Use of the Website is permitted only by individuals who can form legally binding contracts under applicable Law. Without limiting the foregoing, you must be at least 18 years old to become a Gig Provider. If you do not qualify, please do not submit an application to become a Gig Provider.

1. Definitions

Capitalized terms are defined as set forth below or elsewhere in the Agreement.

1.1 “Deliverables” means the deliverables specified in a Gig Request for delivery by a Gig Provider to Gigwalk.

1.2 “Gig Request” means a notice of a Gig provided by Gigwalk to one or more Gig Providers, which includes a description of the services to be provided by the Gig Providers and the associated Deliverables (the “Gig”), the date by which the Gig must be completed (the “Gig Completion Date”) and the fee associated with the Gig (the “Fee”). Once a Gig Provider has accepted a Gig Request pursuant to Section 2, the Gig Request will become a “Gig Engagement”.

1.3 “Gigwalk Mobile Application” means the software used by Gigwalk in connection with the Service.

2. Gig Providers

By registering to become a Gig Provider and accepting a Gig Engagement, you agree to use your best efforts to perform the Gig such that the Deliverables are satisfactory to the Customers. Once a Gig Provider has accepted a Gig, the Gig Request will no longer be available for performance by other Gig Providers who received the Gig Request. By accepting a Gig Request, you are entering into a binding legal agreement with Gigwalk to provide the Deliverables for the Fee specified in the Gig Request. Do not accept a Gig Request unless you are sure that you understand what you are being asked to deliver.

3. Payment

Gigwalk shall pay the Fee, less any payment processing fees, for each Gig within fifteen (15) days after the Gigwalk Customer’s acceptance of the Deliverables associated with the Gig provided that the total amount due to you is at least $35 (the “Minimum”). Gigwalk will not pay you the Fee for a Gig if the Gigwalk Customer rejects the Deliverables associated with that Gig. For any month in which the total amount due to you is less than the Minimum, the balance will be carried over to the following month. Unless otherwise stated, all Fees are quoted in U.S. Dollars. You are responsible for paying all applicable taxes and for all expenses incurred by you in connection with performing the Gigs or otherwise performing your obligations under this Agreement.
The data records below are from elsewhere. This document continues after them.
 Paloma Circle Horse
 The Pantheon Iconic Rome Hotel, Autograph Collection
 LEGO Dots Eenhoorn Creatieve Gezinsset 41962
We may be obligated by law to obtain tax information from you. If we request tax information from you and you do not provide it, we may (in addition to any other rights or remedies available to us) withhold your Fees until you provide this information or otherwise satisfy us that you are not a person from whom we are required to obtain tax information.

4. Independent Contractor Relationship

Nothing in this Agreement is intended or should be construed to create a partnership, joint venture, or employer-employee relationship between Gigwalk and you or between the Gigwalk Customer and you. You will take no position with respect to or on any tax return or application for benefits, or in any proceeding directly or indirectly involving Gigwalk that is inconsistent with your being an independent contractor (and not an employee) of Gigwalk. You are not the agent of Gigwalk or the Gigwalk Customer and you are not authorized, and must not represent to any third party that you are authorized, to make any commitment or otherwise act on behalf of Gigwalk or the Gigwalk Customer. Without limiting the generality of the foregoing:

4.1 Benefits and Contributions. You are not entitled to or eligible for any benefits that Gigwalk may make available to its employees, such as group insurance, profit-sharing or retirement benefits. Because you are an independent contractor, Gigwalk will not withhold or make payments for social security, make unemployment insurance or disability insurance contributions, or obtain workers’ compensation insurance on your behalf. If, notwithstanding the foregoing, you are reclassified as an employee of Gigwalk, or any affiliate of Gigwalk, by the U.S. Internal Revenue Service, the U.S. Department of Labor, or any other federal, state or foreign agency as the result of any administrative or judicial proceeding, you agree that you will not, as the result of such reclassification, be entitled to or eligible for, on either a prospective or retrospective basis, any employee benefits under any plans or programs established or maintained by Gigwalk.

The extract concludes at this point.